American wigeon (Photo: C. Taylor)

Ford Wildlife Habitat Preserve

(33 acres)

The Ford property

San Elijo Lagoon Conservancy acquired Ford Wildlife Habitat Preserve in 2002, made possible by a grant from Ford Motor Company and through the efforts of County Supervisor Pam Slater-Price. 

The 33-acre site can be seen from Manchester Avenue in Olivenhain. The site was a former horse ranch. Seasonal flooding during winter rains occasionally threatened to drown the horses.  Manure polluted the creek and lagoon, and structures and piles of debris, including buckets of motor oil, littered the property. The previous owner’s plans to expand the ranch, opposed by SELC, was also denied by California Coastal Commission due to the property’s value as wetlands. The horses were moved to higher ground.

Today, this restored wetland property provides critical wildlife habitat for mule deer, coyotes, and endangered bird species. Most of the watershed drains along Escondido Creek through this property. 

The Ford property is now permanently protected and will be maintained as habitat that serves as a critical wildlife corridor for the region. This property is also an important area for flood attenuation and groundwater recharge during the winter rainy season.

San Elijo Lagoon Foundation Parcels


Picture of the SELF parcels

Billboards before removal
Removal of billboards opened up lagoon views.

In 2001, San Elijo Lagoon Foundation (SELF) merged with San Elijo Lagoon Conservancy, and the Conservancy acquired all real property owned by the Foundation (SELF Parcels). These properties included more than 15 acres of habitat in the West and Central Basins of the lagoon, including the parcels at the inlet. 

Owning the inlet parcels has given the Conservancy better control over inlet management which has improved tidal circulation. Habitat within the West Basin parcels includes important coastal salt marsh habitat that supports endangered species, such as Belding’s Savannah Sparrow. 

One of the first actions taken after acquisition of the SELF parcels was to remove three billboards that stood along Pacific Coast Highway for years. Billboard removal revealed views of an active river mouth that drains freshwater from the watershed on low tides and brings oxygen-rich saltwater to the estuary with high tides.

In 2007, the Conservancy took additional steps to restore the SELF parcels when it removed old sewer treatment facilities in the Central Basin. After several concrete digester tanks were removed, the Conservancy used grant funding from Southern California Wetlands Recovery Project and Rancho Santa Fe Foundation to remove invasive plants at the site.

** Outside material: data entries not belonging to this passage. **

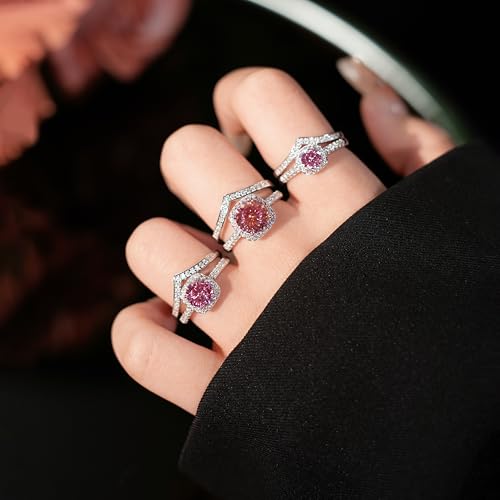 0.5/1/2 Carat Pink Moissanite Engagement Ring for Women 925 Sterling Silver Plated 18K White Gold Romantic Pink Moissanite Promise Eternity Ring4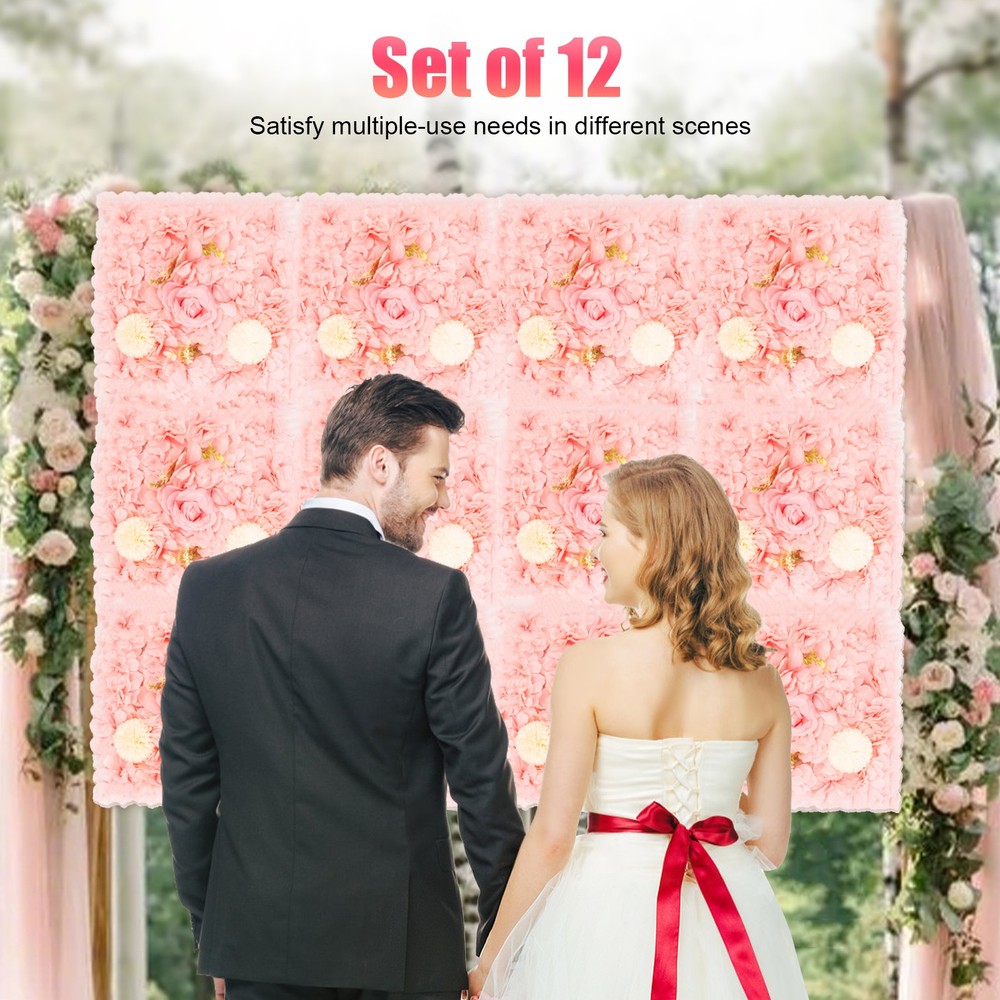 3D Flower Wall Panel-12pcs Artificial Flower Wall Background Silk Rose Wedding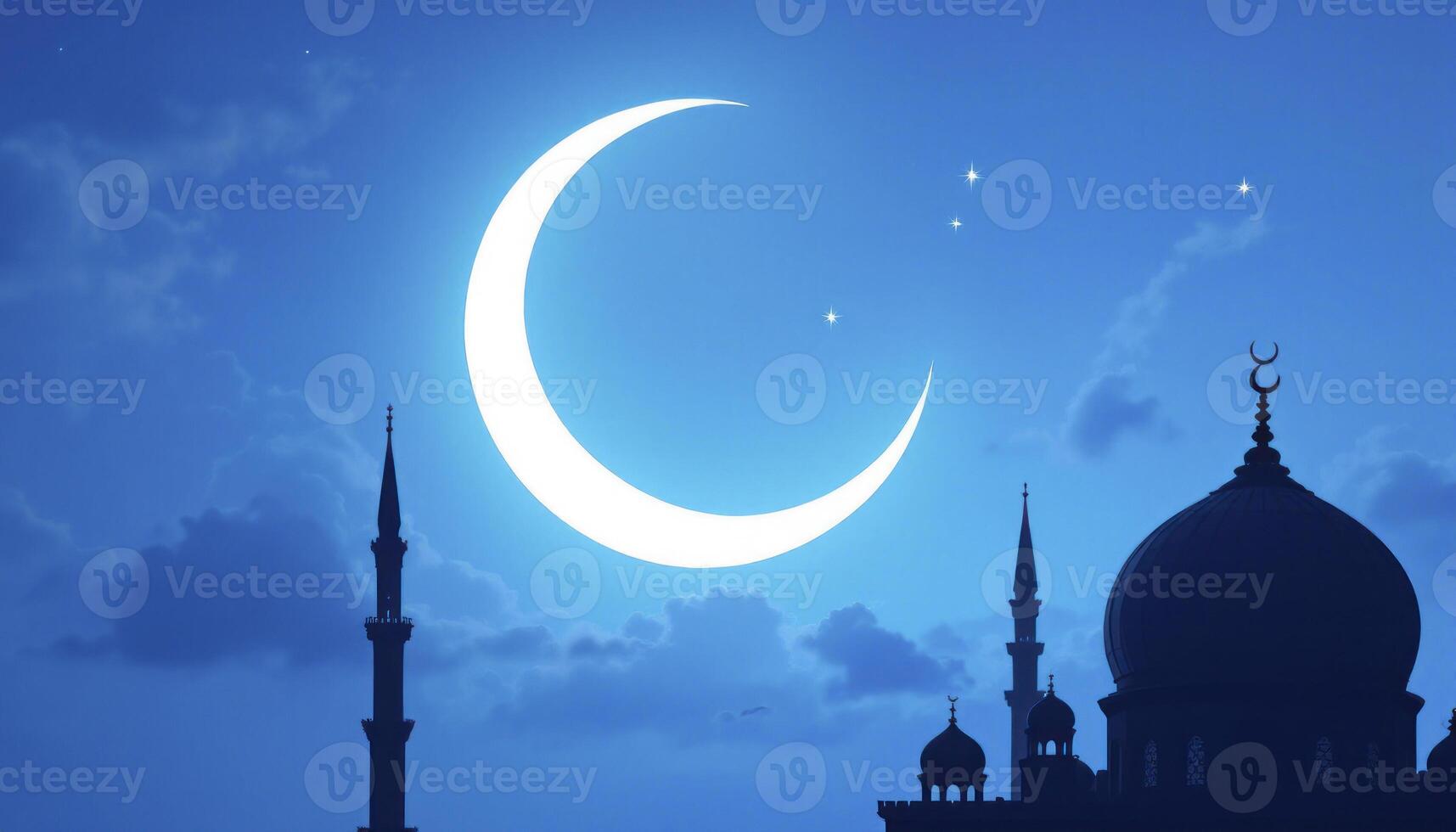 Crescent Moon and Mosque Silhouette at Night Sky for Ramadan photo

The Conservancy hosted elementary student volunteers from three area schools to revegetate the berms of the old settling ponds.  

The property is permanently protected and will be maintained for habitat. 

The sewer treatment plant site - before and after
Sewer treatment plant site - before and after.

San Elijo Lagoon Conservancy Wildlife Habitat Preserve

Picture of the property

This 15-acre property along Escondido Creek, between Olivenhain and Rancho Santa Fe, was once owned by the Van Liew family. The family granted the property to Rancho Santa Fe Foundation in 1985 with the intent that the property should be preserved in perpetuity. 

In 2004, Rancho Santa Fe Foundation, the Conservancy, and California State Coastal Conservancy brokered a unique solution that resulted in San Elijo Lagoon Conservancy owning the preserve, and the purchase price being established as an operating endowment at Rancho Santa Fe Foundation to benefit San Elijo Lagoon Conservancy. 

Like Ford Wildlife Habitat Preserve, SELC Wildlife Habitat Preserve contains the mainstem of Escondido Creek. The property is permanently protected and will be maintained as critical riparian habitat; an important area for flood attenuation and groundwater recharge during the winter rainy season.  It also serves as a necessary wildlife corridor for the region.



The reserve includes lands owned by the State of California, the County of San Diego, and San Elijo Lagoon Conservancy. The properties described on this page are those which are owned by the Conservancy.

There is no public access to these sensitive areas or trails leading to or within them. All trails are on county public land within the reserve.

These habitats shelter rare and endangered animal and plant species. Avian breeding of the Least Bell’s Vireo has been observed, as well as the survival of newly-released Light-footed Clapper Rails. Our efforts in scientific monitoring and restoration of these areas are yielding conservation successes.